The H200 approval releases at least one signal: NVIDIA has not been completely sidelined in China.

This will repair some of the valuation discount.

Especially for a company of NVIDIA's scale, any recovery in an additional market tends to get amplified by the market.

Because investors aren't buying one quarter of orders — they're buying the certainty of sustained AI compute demand expansion over the next several years.

5. NVIDIA's Core Story Is Still Not About the H200

This is the most important point.

NVIDIA's long-term investment thesis is not built on H200 sales to China.

What will truly determine NVIDIA's future market cap is:

  • Whether Blackwell can sustain its ramp;
  • Whether the Rubin cycle can successfully take over;
  • Whether global cloud providers continue to maintain AI capex;
  • Whether AI agents and enterprise AI applications generate real compute demand;
  • Whether NVIDIA can defend its software-hardware ecosystem moat.

H200 entering China is a marginal positive. Blackwell and Rubin ramping globally is the core thesis.

So if the H200 approval leads you to believe NVIDIA is about to unlock some enormous new opportunity overnight, I think that's getting carried away.

But if your takeaway is that this proves global demand for NVIDIA is so strong that most parties simply can't afford to cut NVIDIA out — I agree with that.

6. What Should Investors Do?

My conclusion: if you're already holding, keep holding; if you're not, don't chase the rally blindly because of this news.

For existing holders, this is a bonus on top of a solid position. It signals that NVIDIA's core thesis remains intact and that the previously suppressed China business is showing marginal improvement.
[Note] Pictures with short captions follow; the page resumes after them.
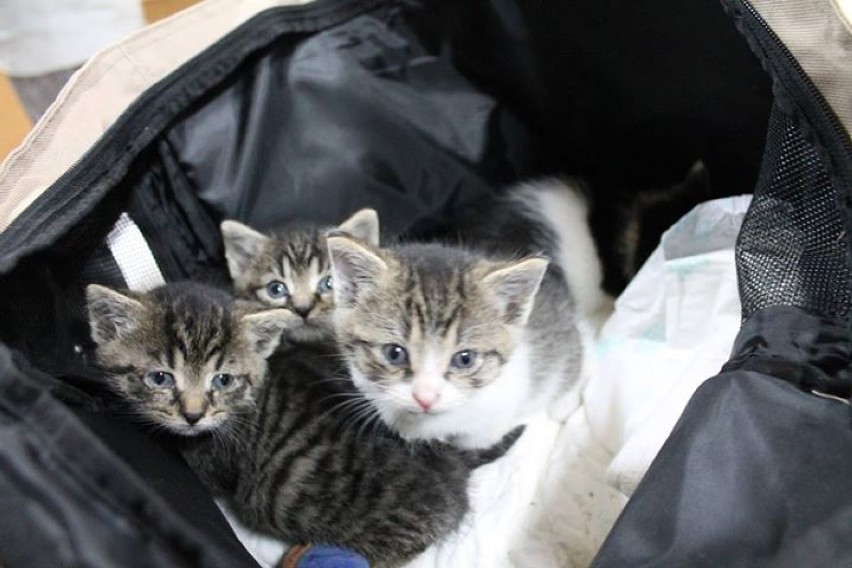 Lubliniec: Koty do adopcji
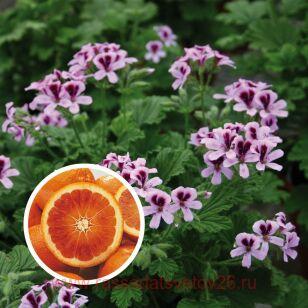 Пеларгония душистая Odorata Orange 4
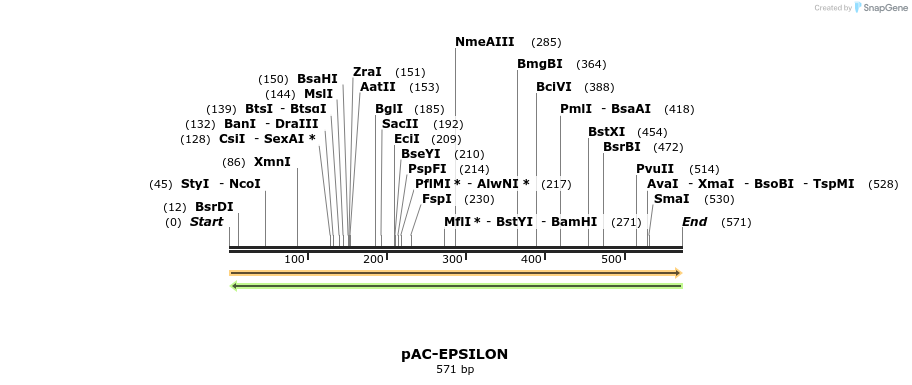 92954_map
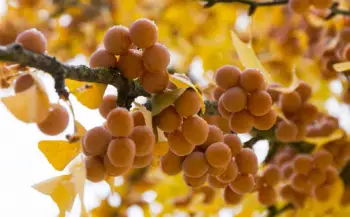 은행 열매 가격 및 효능&amp;#44; 영양성분과 부작용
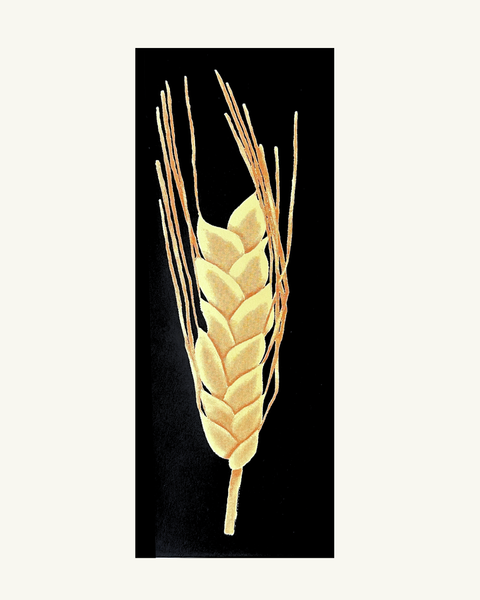 Sara Naim, Wheat, 2026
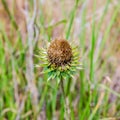 Thistle flower in the meadows. Onopordum Acanthium. Spiky plant Royalty Free Stock Photo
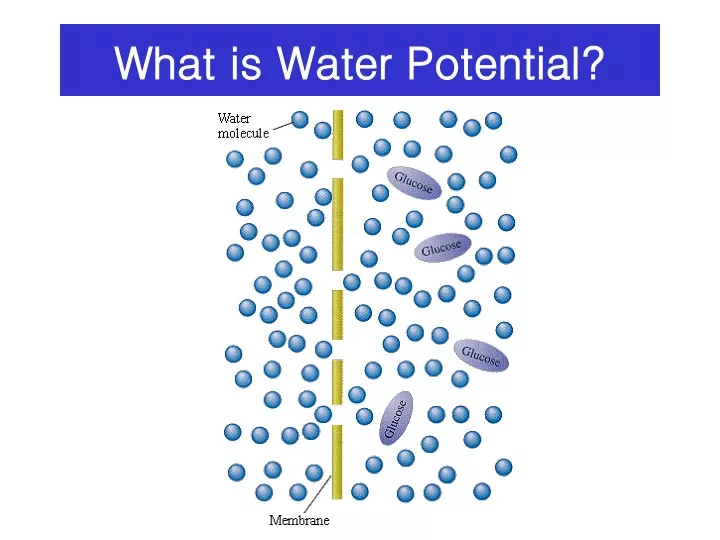 what is water potential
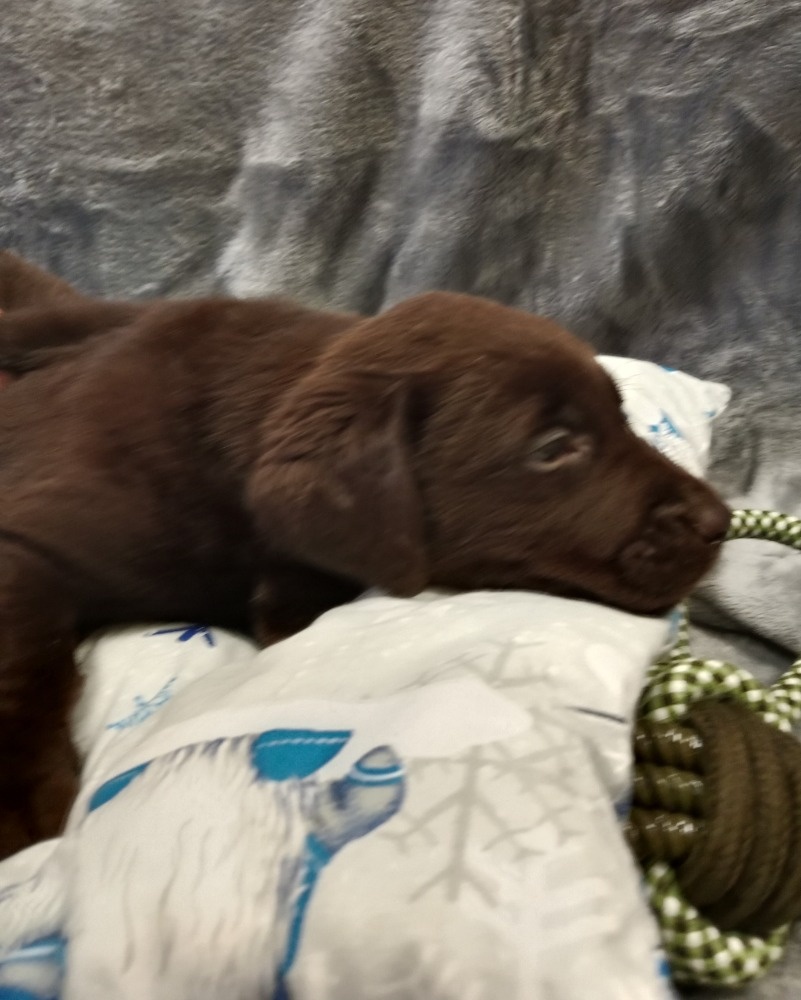 Labradorský retriever s PP tmavě hnědé barvy - 5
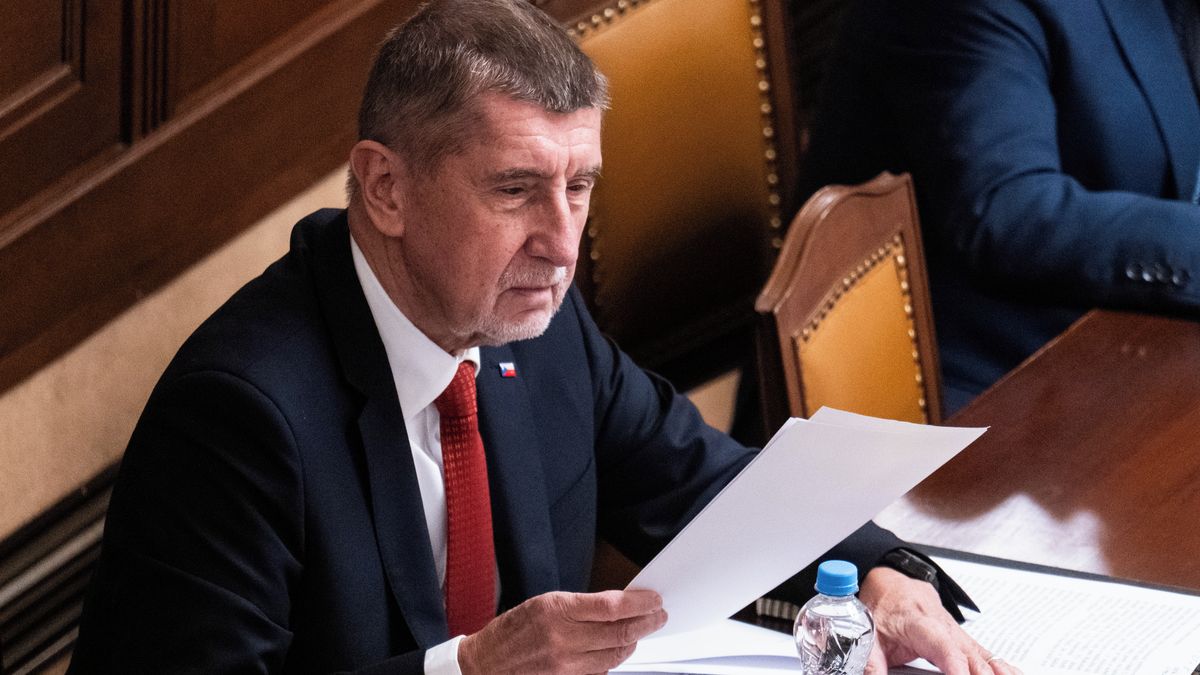 Plán pro krizi duševního zdraví. Babiš chce chystané změny osobně hlídat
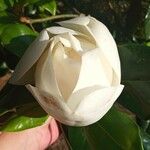 Magnolia grandifloraफूल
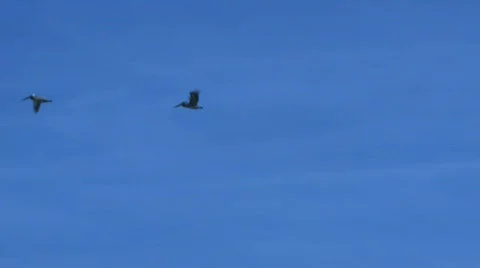 Seagull Flying 03 Video stock 756636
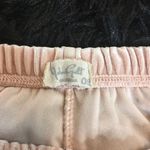 Brandy Melville Rare velvet dolphin shorts Photo 2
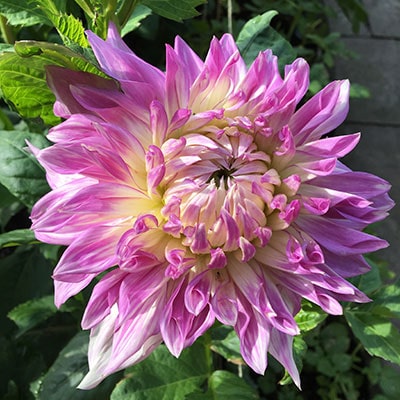 a purple dahlia, flecked with yellow and white
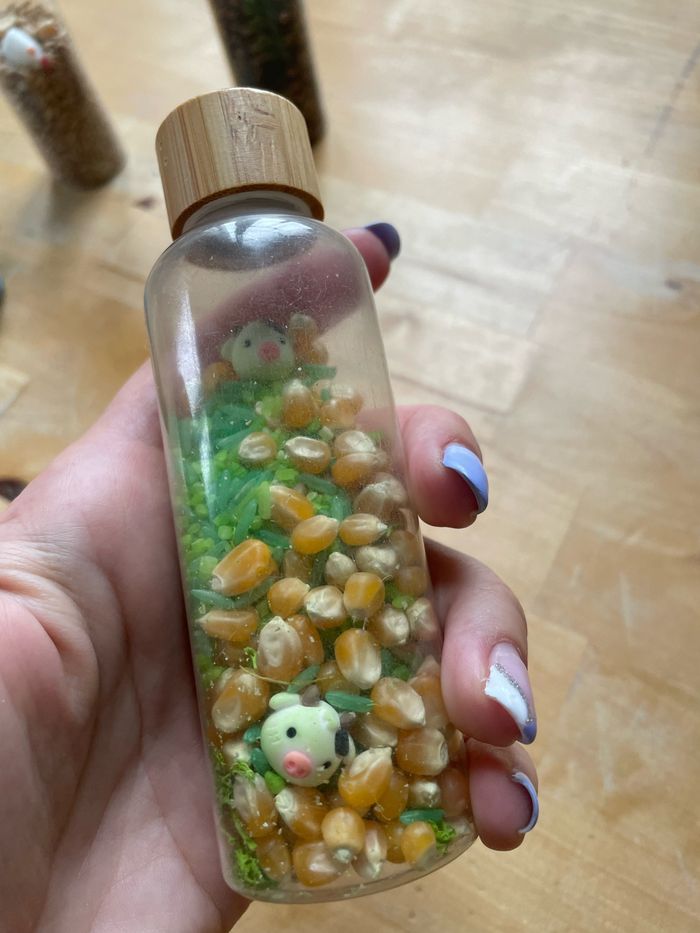 Bouteilles sensorielles - photo numéro 4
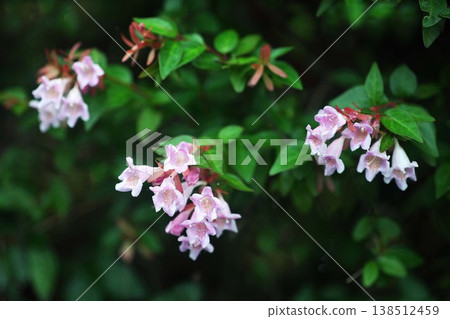 Aberia粉紅色的花 138512459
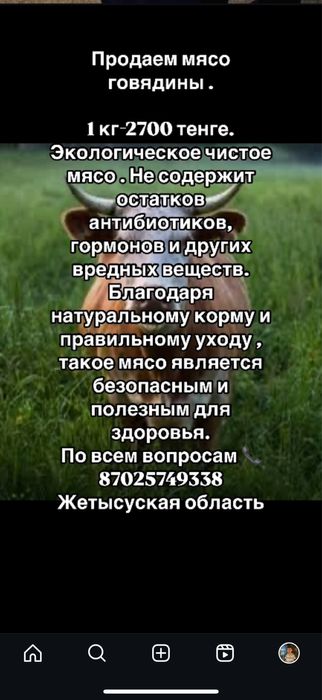 Продам эко мясо говядины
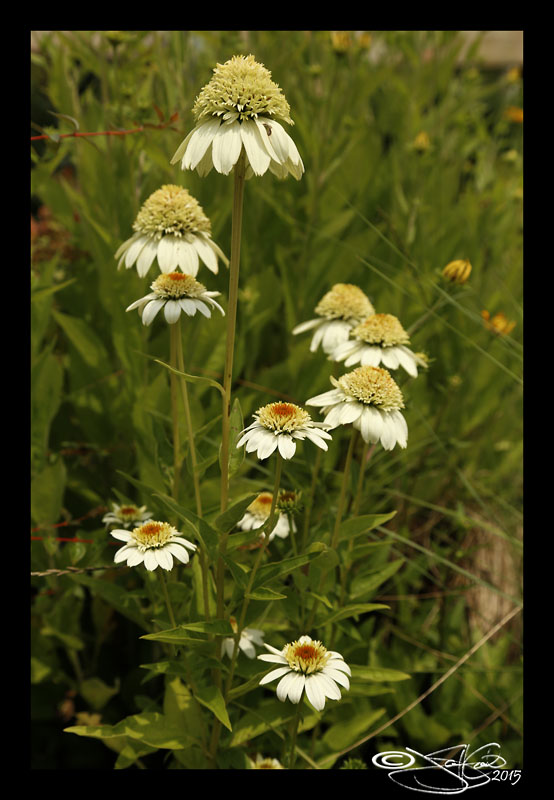 Echinacea purpurea Milkshake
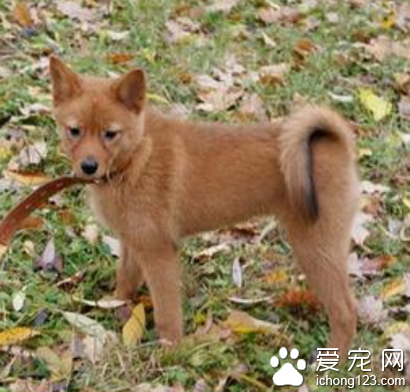 芬兰猎犬的养护常识 不适合在公寓饲养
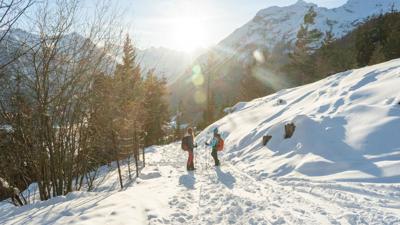 Winterwanderweg Adlerblick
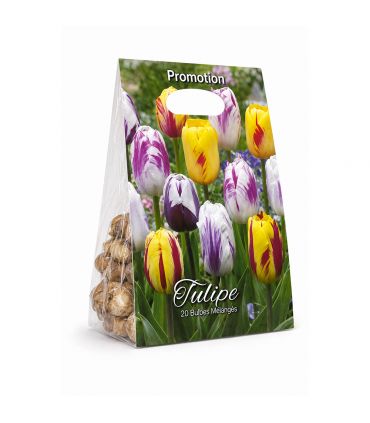 Tulipes Rembrandt Sgaravatti 20 bulbes en mélange, fleurs flammées décoratives idéales en massif et bouquet - 819513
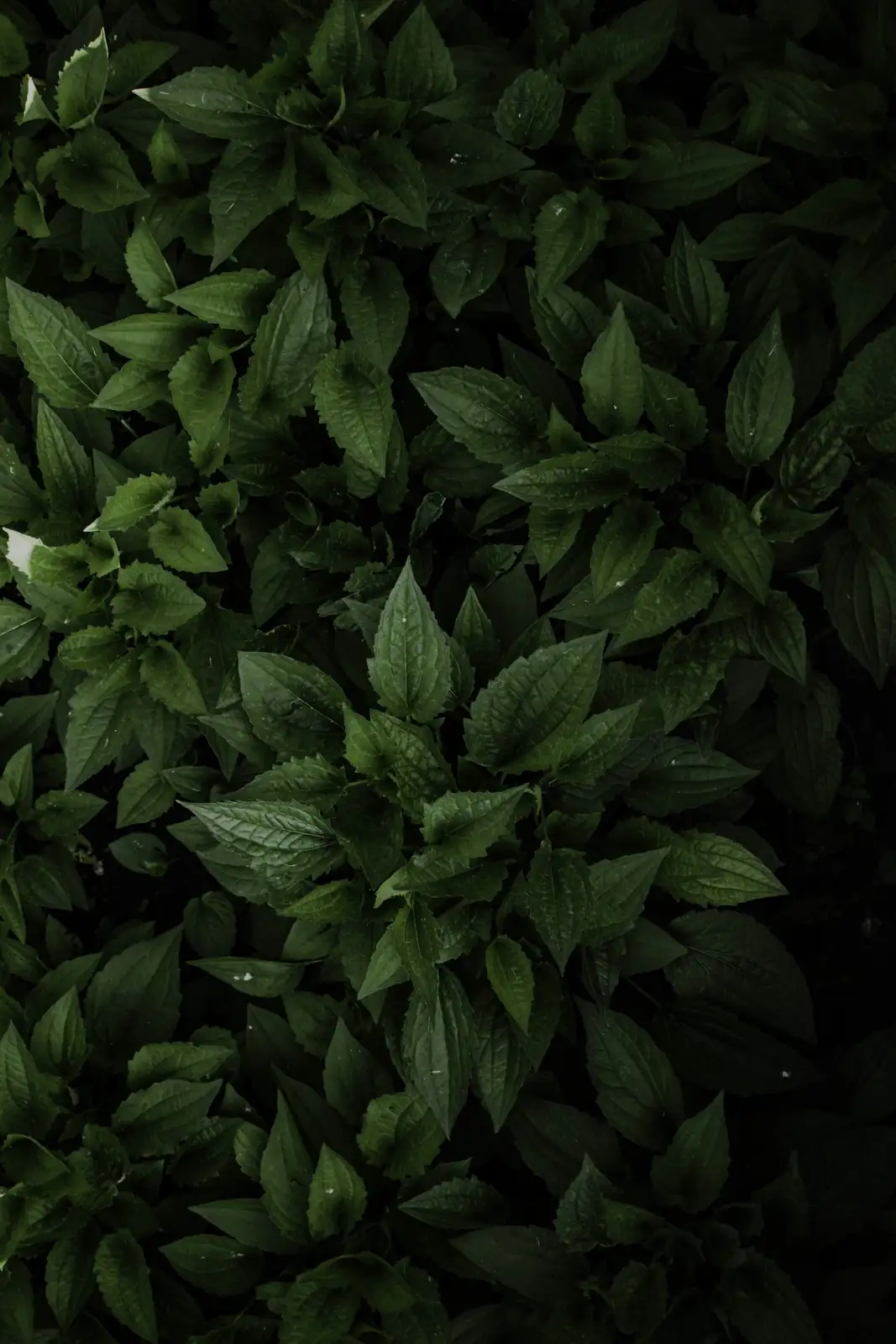 nitrogen deficiency plant leaves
It strengthens conviction.

For those without a position, one headline is not a reason to chase a surge. NVIDIA is genuinely excellent as a long-term holding, but after a sustained short-term run-up, volatility and pullbacks are part of the deal.

The truly comfortable entry point is usually not when positive news is everywhere — it's when the market has unfairly punished the stock over short-term concerns.